Islamic State, which claimed responsibility for the attacks in retaliation for French airstrikes in Iraq and Syria, warned in a video released yesterday that any country hitting it would suffer the same fate, promising specifically to target Washington.
French warplanes bombed Islamic State training camps and a suspected arms depot in its Syrian stronghold Raqqa late on Sunday — its biggest such strike since it started assaults as part of a United States-led mission launched last year.
Interior Minister Bernard Cazeneuve told reporters that police had arrested nearly two dozen people and seized arms, including a rocket launcher and automatic weapons, in 168 raids overnight. Another 104 people were put under house arrest, he said.
“Let this be clear to everyone, this is just the beginning, these actions are going to continue,” he said.
A source close to the investigation said that Belgian national Abdelhamid Abaaoud, currently in Syria, was suspected of having ordered the Paris operation. “He appears to be the brains behind several planned attacks in Europe,” the source said.
RTL Radio said Abaaoud is a 27-year-old from Molenbeek. He is also reported to have been linked to a series of planned attacks in Belgium that were foiled by police last January.
Police in Brussels have detained two suspects and are hunting Salah Abdeslam, a 26-year-old Frenchman based in the Belgian capital, who is one of three brothers believed to have been involved in the plot.
Schools and museums in Paris reopened yesterday after a 48-hour shutdown, but some popular tourist sites, including Disneyland and the Eiffel Tower, remained closed.
French tourism-related stocks fell sharply on fears visitors might shun Paris, one of the most visited cities in the world, but the country’s blue-chip CAC 40 index was steady.
Police have named two French attackers — Ismael Omar Mostefai, 29, from Chartres, southwest of Paris, and Samy Amimour, 28, from the Paris suburb of Drancy. A source close to the investigation named two other French assailants as Bilal Hadfi and Ibrahim Abdeslam.
France now believes Mostefai was in Syria from 2013-14 and his radicalization underlined the trouble France faces trying to capture an illusive enemy that grew up in its own cities.
“He was a normal man,” said Christophe, his neighbor in Chartres.
“Nothing made you think he would turn violent.”
Official figures estimate that 520 French nationals are in the Syrian and Iraqi war zones, including 116 women.
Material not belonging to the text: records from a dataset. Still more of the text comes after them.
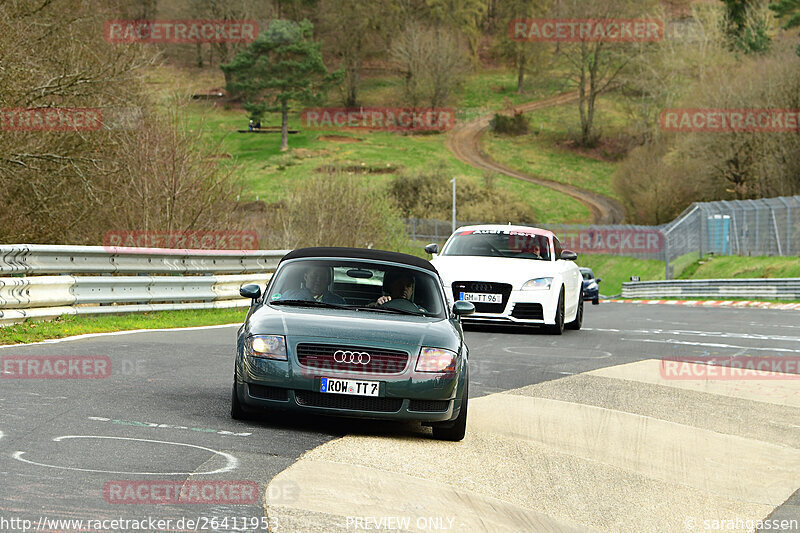 Bild #26411953 - Touristenfahrten Nürburgring Nordschleife (31.03.2024)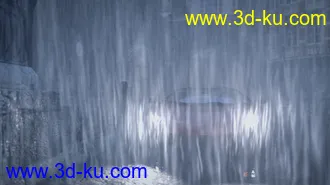 3D打印模型Instant Rain的图片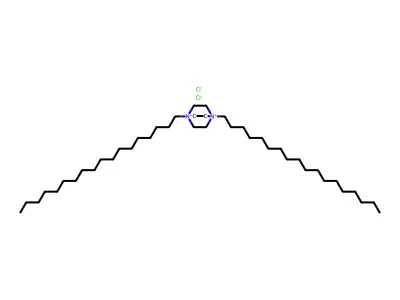 1beta-D-Arabinofuranosylcytosine diphosphate choline structure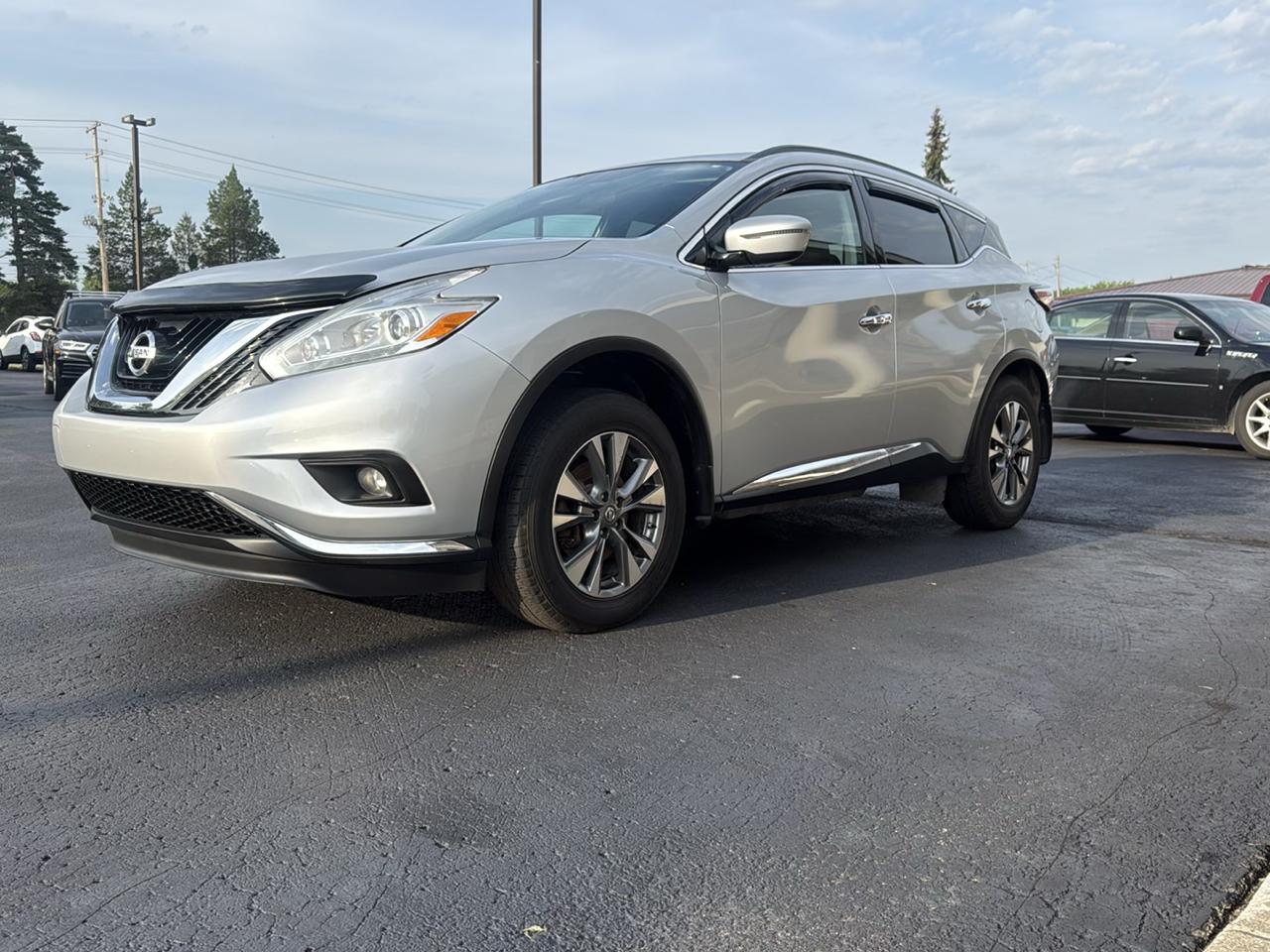 Nissan Murano 2017.5 AWD SV 2017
A total of 137 have died in the fighting, 250 have returned home and about 700 have plans to travel to join jihadist factions.
The man stopped in Greece last month was carrying a Syrian passport in the name of Ahmad Al Mohammad. Police said they were still checking to see if the document was authentic, but said the dead man’s fingerprints matched those on record in Greece.
Greek officials said the passport holder had crossed from Turkey and then registered for asylum in Serbia before heading north, following a route taken by hundreds of thousands of asylum seekers this year.
The news revived a furious row within the European Union on how to handle the flood of Middle Eastern and African refugees. Senior Polish and Slovak officials dismissed an EU plan to relocate asylum seekers across the bloc, saying the violence underlined their concerns about taking in Muslims.
Britain said yesterday it will boost its intelligence agency staff by 15 percent and more than double spending on aviation security to defend against Islamist militants plotting attacks from Syria.
A source in Prime Minister David Cameron’s office said police had foiled one attack in Britain last month.